Understanding short-timescale neuronal firing sequences via bias matrices

The brain generates persistent neuronal firing sequences across varying timescales. The short-timescale (~100ms) sequences are believed to be crucial in the formation and transfer of memories. Large-amplitude local field potentials known as sharp-wave ripples (SWRs) occur irregularly in hippocampus when an animal has minimal interaction with its environment, such as during resting, immobility, or slow-wave sleep. SWRs have been long hypothesized to play a critical role in transferring memories from the hippocampus to the neocortex [1]. While sequential firing during SWRs is known to be biased by the previous experiences of the animal, the exact relationship of the short-timescale sequences during SWRs and longer-timescale sequences during spatial and non-spatial behaviors is still poorly understood. One hypothesis is that the sequences during SWRs are "replays" or "preplays" of "master sequences", which are sequences that closely mimic the order of place fields on a linear track [2, 3]. Rather than particular hard-coded "master" sequences, an alternative explanation of the observed correlations is that similar sequences arise naturally from the intrinsic biases of firing between pairs of cells. To distinguish these and other possibilities, one needs mathematical tools beyond the center-of-mass sequences and Spearman's rank-correlation coefficient that are currently used.

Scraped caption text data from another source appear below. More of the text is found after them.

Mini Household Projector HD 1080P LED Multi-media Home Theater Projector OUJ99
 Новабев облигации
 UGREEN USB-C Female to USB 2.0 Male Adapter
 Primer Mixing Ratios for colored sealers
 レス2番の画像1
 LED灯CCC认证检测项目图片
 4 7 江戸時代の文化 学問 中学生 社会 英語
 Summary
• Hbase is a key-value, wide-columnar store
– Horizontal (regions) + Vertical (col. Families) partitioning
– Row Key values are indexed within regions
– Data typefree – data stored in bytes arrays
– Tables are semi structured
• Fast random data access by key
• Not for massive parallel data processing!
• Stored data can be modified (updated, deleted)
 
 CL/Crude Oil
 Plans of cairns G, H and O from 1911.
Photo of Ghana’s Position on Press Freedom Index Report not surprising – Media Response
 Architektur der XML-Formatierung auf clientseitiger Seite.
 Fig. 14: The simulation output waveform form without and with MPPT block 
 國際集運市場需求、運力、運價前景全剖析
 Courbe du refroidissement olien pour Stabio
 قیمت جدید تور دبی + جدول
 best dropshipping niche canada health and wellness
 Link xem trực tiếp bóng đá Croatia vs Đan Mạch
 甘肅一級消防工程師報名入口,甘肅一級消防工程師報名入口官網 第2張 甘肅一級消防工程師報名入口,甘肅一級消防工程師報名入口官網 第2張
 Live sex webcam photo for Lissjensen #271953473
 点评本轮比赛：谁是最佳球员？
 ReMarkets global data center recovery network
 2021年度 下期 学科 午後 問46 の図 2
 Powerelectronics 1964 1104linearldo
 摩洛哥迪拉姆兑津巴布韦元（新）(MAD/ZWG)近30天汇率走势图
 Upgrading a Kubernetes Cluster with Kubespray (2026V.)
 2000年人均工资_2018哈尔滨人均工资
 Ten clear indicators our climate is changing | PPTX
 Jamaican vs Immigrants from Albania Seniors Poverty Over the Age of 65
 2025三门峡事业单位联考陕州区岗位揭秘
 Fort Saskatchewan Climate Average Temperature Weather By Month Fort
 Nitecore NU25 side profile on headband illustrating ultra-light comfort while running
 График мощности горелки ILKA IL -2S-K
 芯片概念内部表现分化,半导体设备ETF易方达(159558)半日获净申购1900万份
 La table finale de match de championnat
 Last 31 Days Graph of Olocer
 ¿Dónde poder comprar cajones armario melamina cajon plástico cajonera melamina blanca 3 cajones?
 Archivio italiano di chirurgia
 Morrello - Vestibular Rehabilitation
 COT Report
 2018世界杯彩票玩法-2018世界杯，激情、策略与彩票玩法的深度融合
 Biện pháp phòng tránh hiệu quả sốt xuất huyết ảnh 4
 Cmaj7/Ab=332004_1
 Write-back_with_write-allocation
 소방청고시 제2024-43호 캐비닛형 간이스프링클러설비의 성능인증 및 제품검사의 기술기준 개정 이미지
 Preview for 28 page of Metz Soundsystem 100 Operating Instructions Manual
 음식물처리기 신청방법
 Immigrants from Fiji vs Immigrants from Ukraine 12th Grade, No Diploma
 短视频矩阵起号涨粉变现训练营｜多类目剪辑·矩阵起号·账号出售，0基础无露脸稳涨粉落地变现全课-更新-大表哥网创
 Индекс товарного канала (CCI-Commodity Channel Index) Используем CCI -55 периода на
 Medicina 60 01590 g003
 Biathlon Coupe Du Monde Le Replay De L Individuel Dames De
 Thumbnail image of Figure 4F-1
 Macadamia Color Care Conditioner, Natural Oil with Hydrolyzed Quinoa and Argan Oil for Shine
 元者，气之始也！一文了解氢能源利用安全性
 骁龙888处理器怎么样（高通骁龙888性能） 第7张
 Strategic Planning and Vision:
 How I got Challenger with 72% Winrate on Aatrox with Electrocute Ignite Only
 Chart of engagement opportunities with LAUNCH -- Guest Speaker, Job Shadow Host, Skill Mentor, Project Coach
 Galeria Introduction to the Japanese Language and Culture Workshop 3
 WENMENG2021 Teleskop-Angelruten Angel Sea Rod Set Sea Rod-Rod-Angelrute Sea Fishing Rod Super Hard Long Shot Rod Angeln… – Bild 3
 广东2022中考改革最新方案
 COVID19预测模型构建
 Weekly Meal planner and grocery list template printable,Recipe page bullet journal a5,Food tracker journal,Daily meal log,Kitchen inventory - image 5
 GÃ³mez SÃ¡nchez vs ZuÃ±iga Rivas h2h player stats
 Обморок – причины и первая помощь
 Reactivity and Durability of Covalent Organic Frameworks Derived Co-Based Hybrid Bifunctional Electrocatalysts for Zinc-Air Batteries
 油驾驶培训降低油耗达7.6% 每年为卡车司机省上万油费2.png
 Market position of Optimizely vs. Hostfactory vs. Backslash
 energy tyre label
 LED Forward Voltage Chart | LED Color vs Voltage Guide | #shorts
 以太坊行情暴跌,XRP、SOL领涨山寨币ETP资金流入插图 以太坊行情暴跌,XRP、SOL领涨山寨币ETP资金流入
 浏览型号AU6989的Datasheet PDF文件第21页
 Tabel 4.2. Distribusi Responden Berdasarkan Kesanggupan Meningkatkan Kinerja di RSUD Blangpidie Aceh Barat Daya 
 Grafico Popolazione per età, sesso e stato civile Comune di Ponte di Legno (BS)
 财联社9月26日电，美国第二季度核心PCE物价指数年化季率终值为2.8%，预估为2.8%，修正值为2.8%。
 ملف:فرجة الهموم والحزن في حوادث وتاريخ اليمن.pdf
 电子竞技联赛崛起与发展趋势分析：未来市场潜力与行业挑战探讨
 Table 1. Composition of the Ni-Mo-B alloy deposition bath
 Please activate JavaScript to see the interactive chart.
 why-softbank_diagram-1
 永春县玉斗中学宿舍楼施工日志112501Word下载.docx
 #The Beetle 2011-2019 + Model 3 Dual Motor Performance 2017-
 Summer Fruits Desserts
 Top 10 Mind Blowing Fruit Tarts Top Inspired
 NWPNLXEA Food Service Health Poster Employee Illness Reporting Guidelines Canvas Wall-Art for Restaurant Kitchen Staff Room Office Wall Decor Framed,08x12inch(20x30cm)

We introduce a new mathematical tool that captures the intrinsic properties of neuronal firing sequences. The bias matrix of a given sequence (Figure 1) contains more detailed information than the center-of-mass average and captures more complex relationships among different neuronal sequences. This tool enabled us to directly investigate the relationships among firing sequences across different conditions: short-timescale sequences (during SWRs) and long-timescale behavioral sequences (during spatial navigation and wheel running). We also performed a pharmacological manipulation that resulted in elimination of theta oscillation (as previously reported in [4]) and increased the frequency of SWRs. We have found that the pairwise biases of sequences during SWRs are highly correlated with sequences during most of the conditions. Moreover, while sequences of neuronal activations are uncorrelated across different behaviors, the bias matrices of SWR sequences are highly correlated with those of various behavior sequences. Our findings provide a new tool for understanding the structure of short-timescale neuronal sequences and suggest that intrinsic pairwise biases are likely the underlying mechanism for the "replay/preplay" of longer-timescale sequences observed in the hippocampus [2, 3].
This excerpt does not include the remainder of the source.